**Exercise inputs**

_ _ _ _

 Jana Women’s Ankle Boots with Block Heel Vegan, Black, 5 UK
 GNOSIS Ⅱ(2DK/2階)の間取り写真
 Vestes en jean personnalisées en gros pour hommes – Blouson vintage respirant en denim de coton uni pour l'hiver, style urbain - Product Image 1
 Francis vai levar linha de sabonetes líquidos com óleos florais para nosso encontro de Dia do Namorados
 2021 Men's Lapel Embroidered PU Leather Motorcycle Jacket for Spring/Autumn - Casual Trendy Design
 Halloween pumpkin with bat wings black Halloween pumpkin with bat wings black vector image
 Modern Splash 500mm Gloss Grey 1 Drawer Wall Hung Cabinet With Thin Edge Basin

_ _ _ _

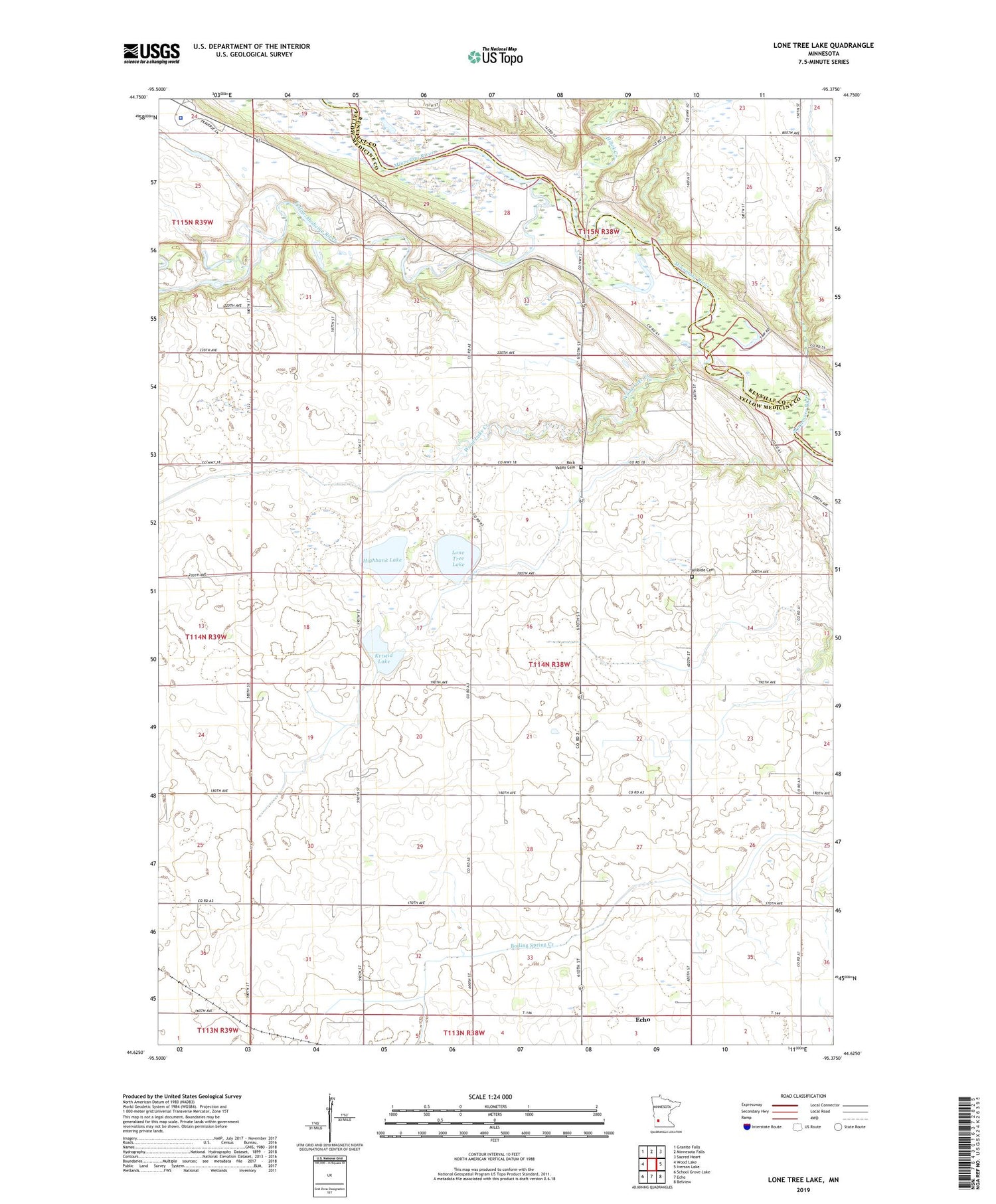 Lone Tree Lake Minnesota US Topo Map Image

_ _ _ _

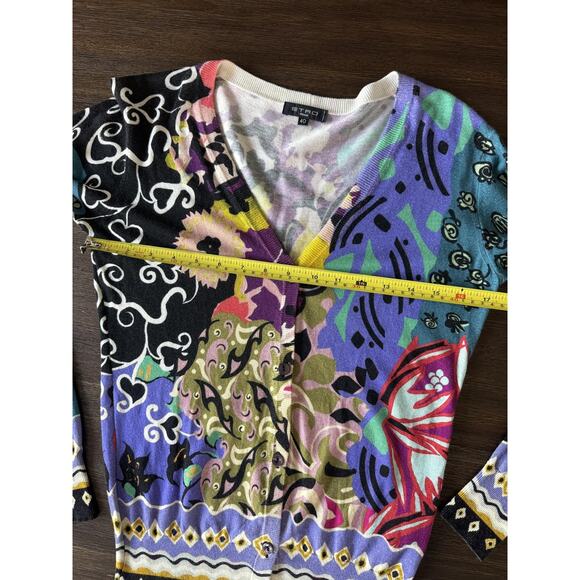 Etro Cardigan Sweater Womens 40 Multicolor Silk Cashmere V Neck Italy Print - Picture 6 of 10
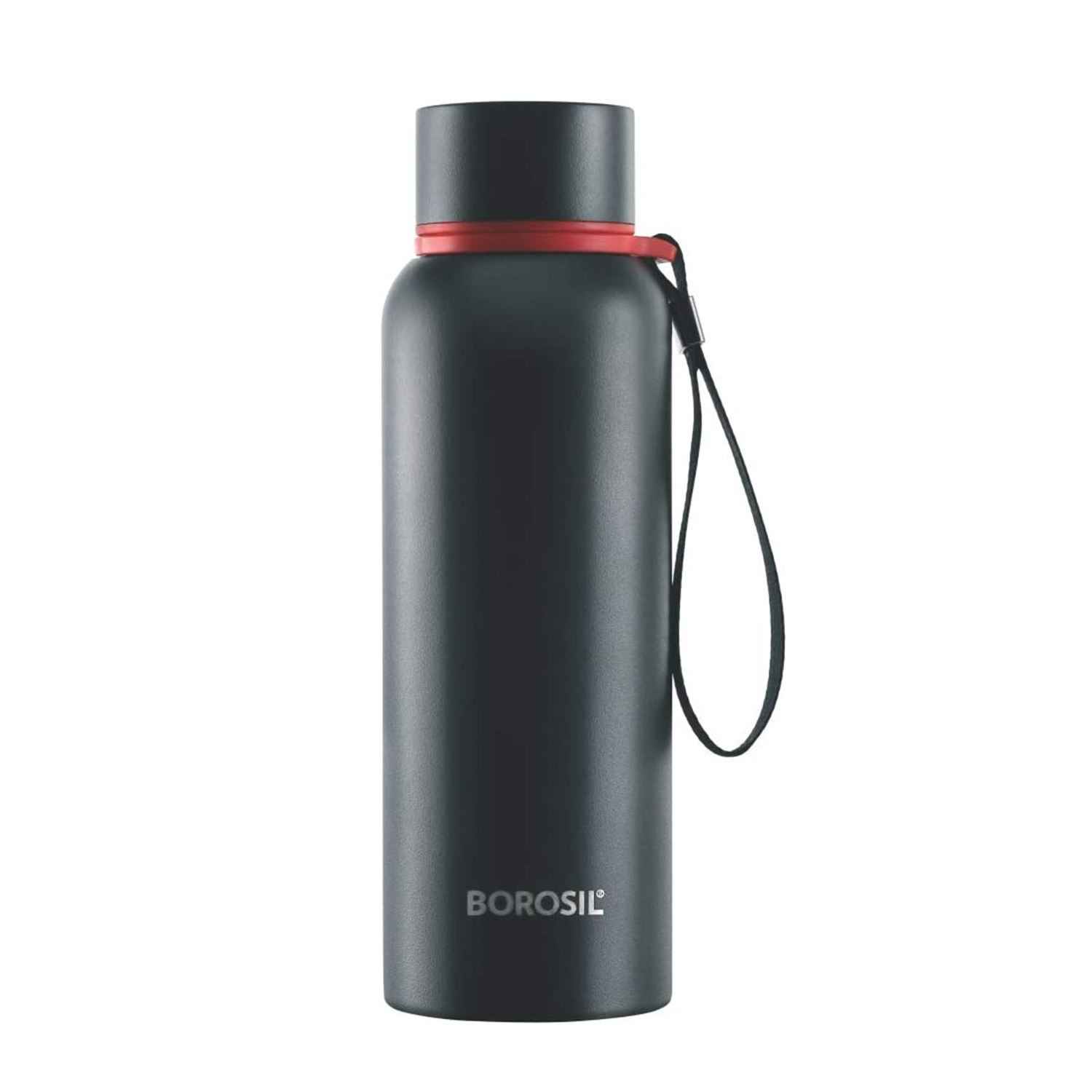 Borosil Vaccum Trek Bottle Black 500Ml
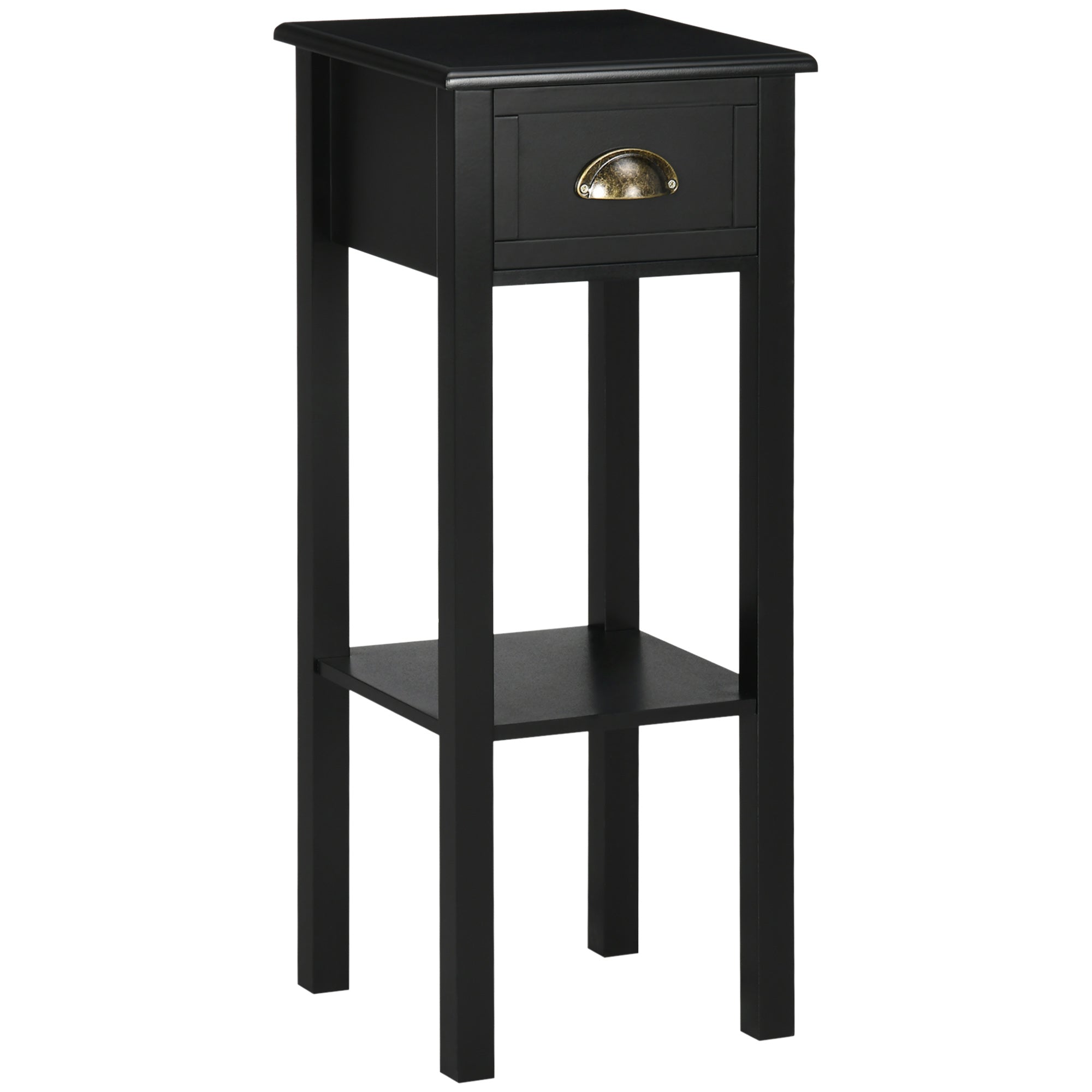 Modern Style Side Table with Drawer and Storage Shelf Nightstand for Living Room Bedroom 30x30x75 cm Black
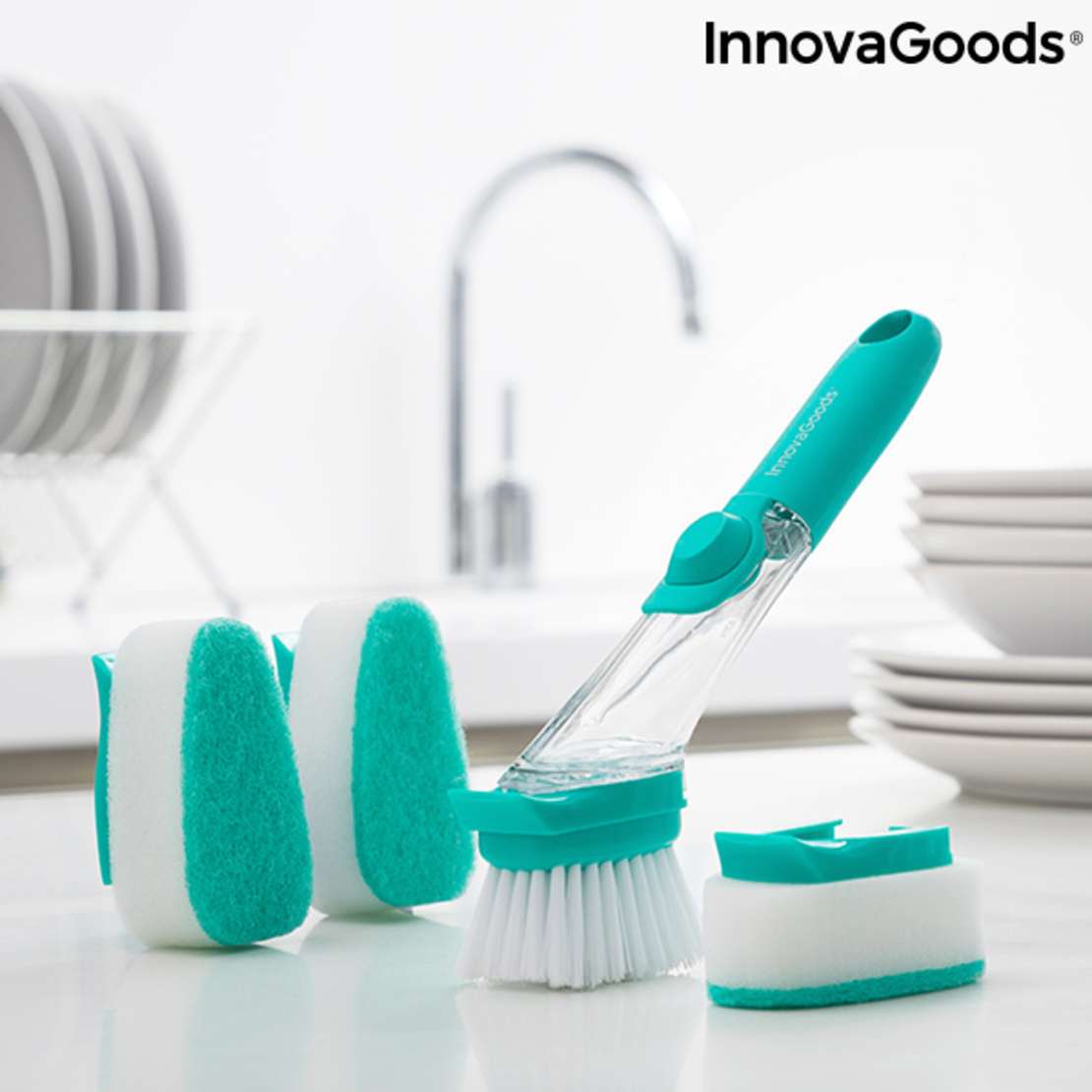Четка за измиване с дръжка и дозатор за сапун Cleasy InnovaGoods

_ _ _ _

**About this exercise**
Transcribe the lines above between the line holding "GNOSIS Ⅱ(2DK/2階)の間取り写真" and the line holding "Francis vai levar", inclusive, exactly as they stand and with nothing added.

**Solution**
 GNOSIS Ⅱ(2DK/2階)の間取り写真
 Vestes en jean personnalisées en gros pour hommes – Blouson vintage respirant en denim de coton uni pour l'hiver, style urbain - Product Image 1
 Francis vai levar linha de sabonetes líquidos com óleos florais para nosso encontro de Dia do Namorados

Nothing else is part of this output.